(Short descriptive text snippets)
"""

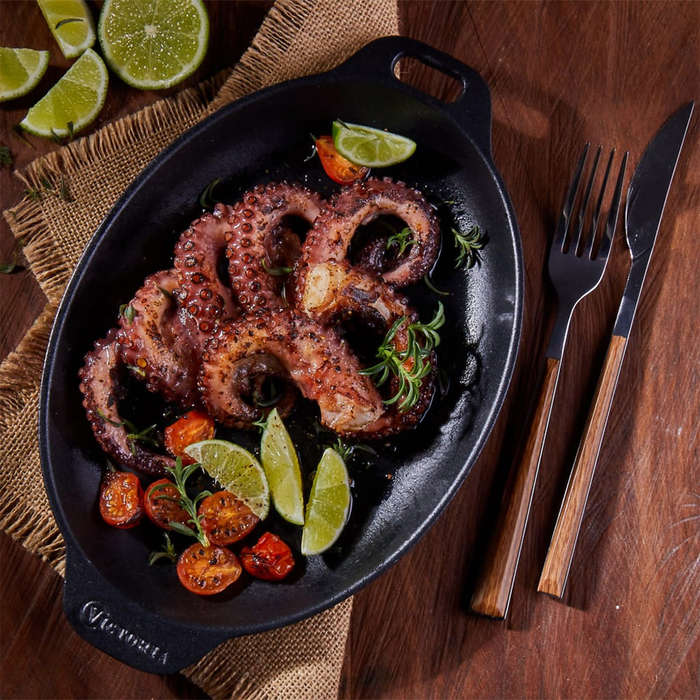 Enamelled Oval Serving Cast Iron Griddle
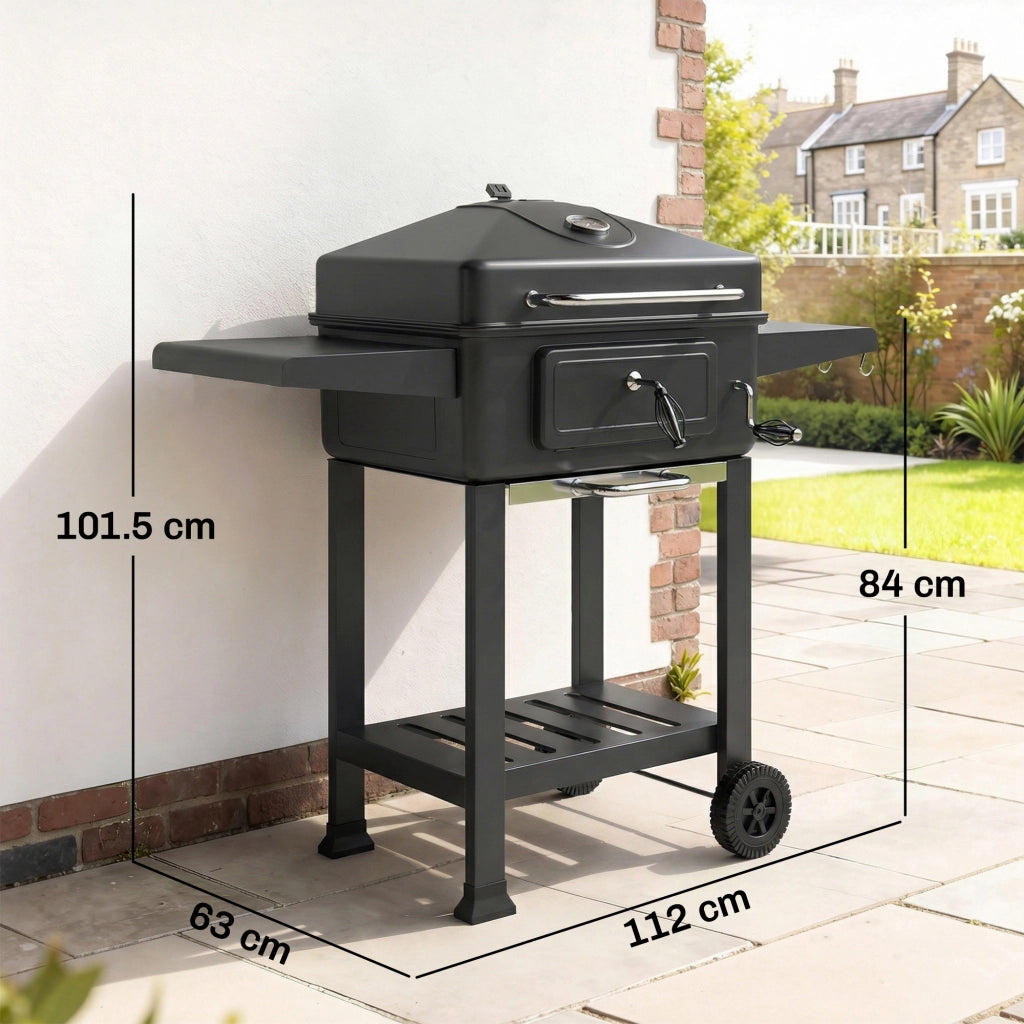 Barbecue a Carbone Affumicatore Portatile ¨C Zephmum ¨C Nero con Ventilazione Termometro Mensole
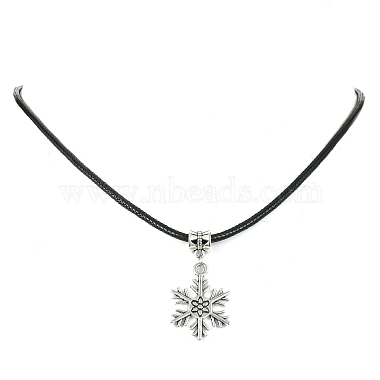 Tibetan Style Alloy Snowflake Pendant Necklaces(NJEW-JN04538)-3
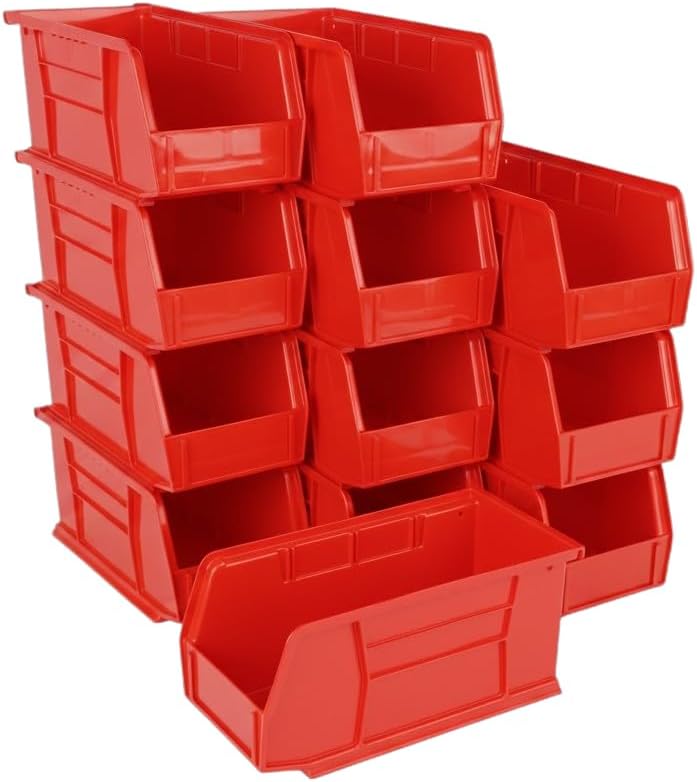 HE HUDSON EXCHANGE 11" x 5.5" x 5" Plastic Stackable Storage Bin, Red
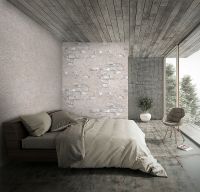 Обои Solo Loft Silver 168457-13 Винил на флизелине (1,06*10,05) Бежевый, Кирпич — фото 2, Обои для стен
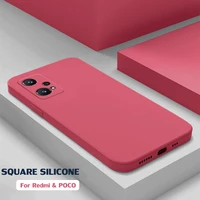 liquid silicone square phone case for xiaomi redmi note 8 9 9s 10 pro max for poco f3 gt x3 pro nfc m3 m4 pro soft cover funda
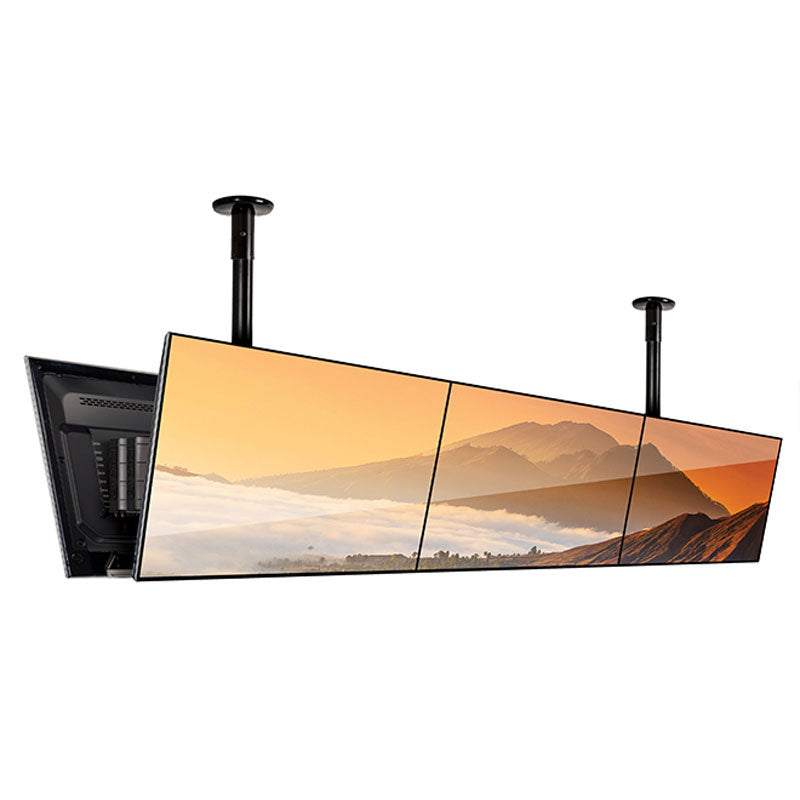 B-Tech Menu Board Ceiling Mount BT8332/BB, ceiling-mounted triple displays front view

"""

PROBLEM:
Could you reproduce all of the data above exactly and skip any image?

RESULT FOR THIS EXERCISE:
 Enamelled Oval Serving Cast Iron Griddle
 Barbecue a Carbone Affumicatore Portatile ¨C Zephmum ¨C Nero con Ventilazione Termometro Mensole
 Tibetan Style Alloy Snowflake Pendant Necklaces(NJEW-JN04538)-3
 HE HUDSON EXCHANGE 11" x 5.5" x 5" Plastic Stackable Storage Bin, Red
 Обои Solo Loft Silver 168457-13 Винил на флизелине (1,06*10,05) Бежевый, Кирпич — фото 2, Обои для стен
 liquid silicone square phone case for xiaomi redmi note 8 9 9s 10 pro max for poco f3 gt x3 pro nfc m3 m4 pro soft cover funda
 B-Tech Menu Board Ceiling Mount BT8332/BB, ceiling-mounted triple displays front view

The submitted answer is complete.